Peter
Temin publicó su nuevo libro: The Roman Market Economy,
Princeton University Press lo presenta así: "The
quality of life for ordinary Roman citizens at the height of the Roman Empire
probably was better than that of any other large group of people living before
the Industrial Revolution. The Roman Market Economy uses the tools of modern economics to show how
trade, markets, and the Pax Romana were critical to ancient Rome's
prosperity. Peter Temin, one of the world's foremost economic historians,
argues that markets dominated the Roman economy. He traces how the Pax Romana
encouraged trade around the Mediterranean, and how Roman law promoted commerce
and banking.

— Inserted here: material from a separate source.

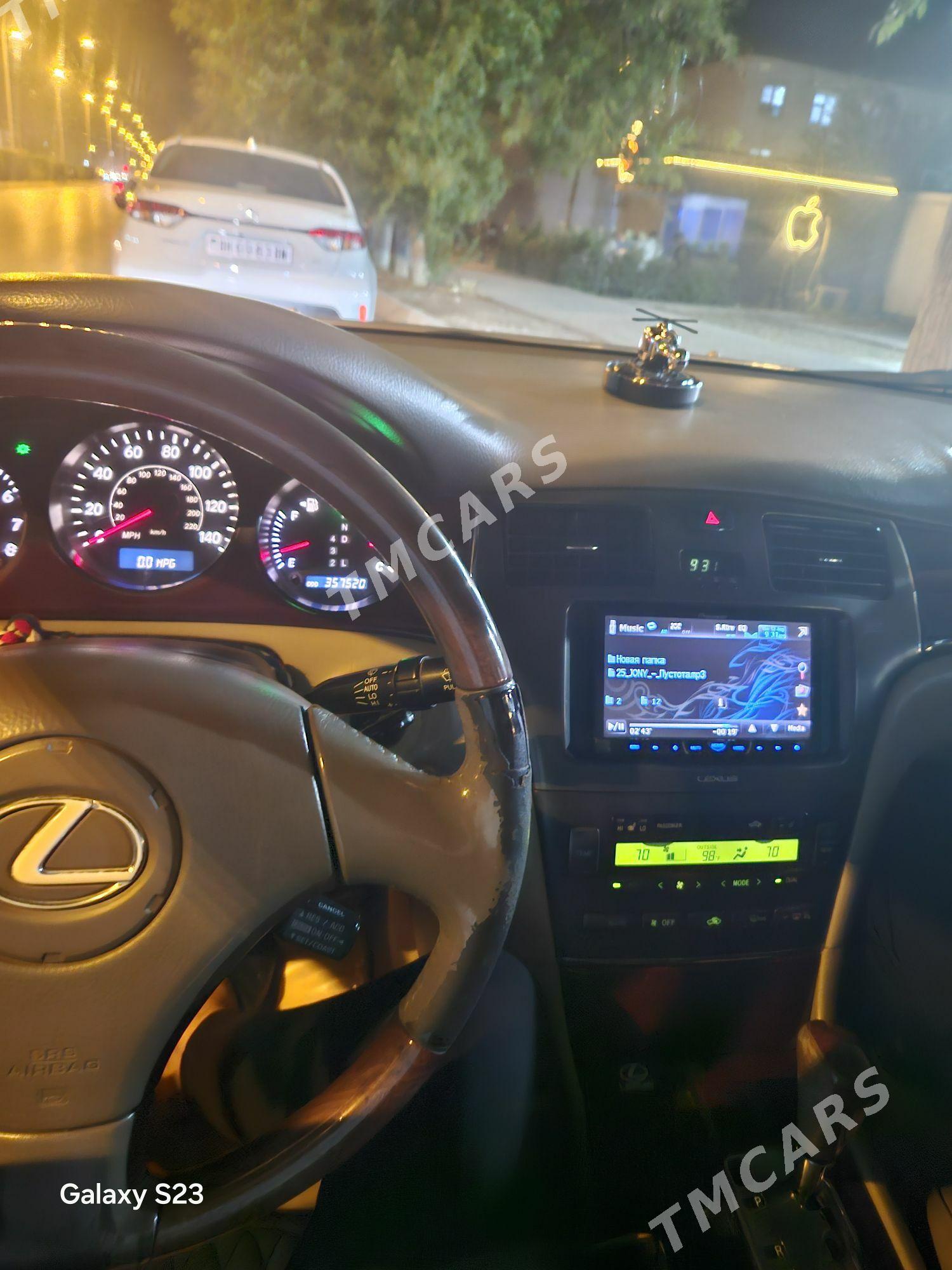 Lexus ES 330 2005 - 180 000 TMT - Балканабат - img 2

Temin shows that a reasonably vibrant market for wheat extended
throughout the empire, and suggests that the Antonine Plague may have been
responsible for turning the stable prices of the early empire into the
persistent inflation of the late. He vividly describes how various markets
operated in Roman times, from commodities and slaves to the buying and selling
of land. Applying modern methods for evaluating economic growth to data culled
from historical sources, Temin argues that Roman Italy in the second century
was as prosperous as the Dutch Republic in its golden age of the seventeenth
century. The Roman Market Economy reveals how economics can
help us understand how the Roman Empire could have ruled seventy million people
and endured for centuries. Peter Temin is the Gray Professor Emeritus
of Economics at the Massachusetts Institute of Technology. His books
include The World Economy between the World Wars."